Aureliano, meu irmão mais velho, reconhecidamente o melhor cérebro da família, ao falar da avenida Jacinto Sá e das pessoas que ali moraram, costuma - com uma propriedade incomum - denominar a nossa rua, como avenida Nações Unidas, já que ali habitavam e exerciam as mais variadas atividades homens e mulheres das mais variadas nacionalidades, com respeito, amizade e harmonia. Tínhamos a família Herzenian, de origem Armênia, com suas belas mulheres. A colônia sirio/libaneza (?) representada pelas famílias Abujanra, de diferentes matizes. Tanaka, Fujii. Maeda, Shinohara. Suzuki, famílias japonesas que se tornaram brasileiros, sim senhor ! Os Migliaris, Ferraris, Moias e Tolotos, italianos de origem, cada um a seu modo, conviviam em verdadeira comunidade. O senhor Manoel de Oliveira, grande amigo do meu pai, Joaquim Luiz da Costa, em cujo imóvel moramos por anos na condição de inquilinos, representavam o nosso querido Portugal. Ainda tinha o senhor Miguel, húngaro de nascimento, morava sozinho e construia brinquedos em madeira, fabricou a minha caixa de engraxate - igual a do Pelé, podem acreditar !

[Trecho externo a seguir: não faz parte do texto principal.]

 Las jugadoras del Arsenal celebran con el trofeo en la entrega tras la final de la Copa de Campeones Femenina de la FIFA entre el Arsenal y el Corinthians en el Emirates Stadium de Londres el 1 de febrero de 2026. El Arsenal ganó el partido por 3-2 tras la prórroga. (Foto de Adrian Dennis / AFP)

Logicamente, com o passar dos anos os prédios comerciais e residenciais ali existentes desde as primeiras décadas do século passado, tornaram-se obsoletos e foram se degradando. Mas, deparar com a avenida Jacinto Sá e as áreas adjacentes ocupadas com imensos galpões industriais, ou simplesmente exibindo terrenos de grande valor econômico e social, totalmente ociosos ou, simplesmente servindo - como suas vias - de estacionamento para caminhões a serviço de um grupo industrial, causa indignação, para dizer o mínimo. Isso por se tratar de área privilegiada, localizada na primeira rua urbanizada da cidade, a poucos metros do centro bancário e comercial, relegada a simples reserva imobilizada, cujo titular dela dispõe como propriedade privada, sem qualquer intervenção do poder público municipal ou contrariedade das lideranças locais. Constitucionalmente, seria oportuno indagar:- Qual a função social daqueles terrenos ?

Igualmente bem localizadas e passíveis de uma melhor destinação, deparamos com as instalações das ferrovias, páteos de manobras e construções - algumas já ocupadas e muito bem utilizadas - e as áreas dos grandes armazéns. O poder público, em suas diferentes esferas, poderia induzir - com algum incentivo - a iniciativa privada dar destino mais conveniente e de interesse econômico / social para as áreas degradas ou em processo de subutilização em nossa cidade.

Na forma de saudade, procurei reproduzir uma realidade que me intriga. Cabe agora às lideranças municipais voltarem-se para o problema e no espaço que lhes permite a sensibilidade e ousadia encaminhar o assunto para discussão, ficando a solução para mais adiante.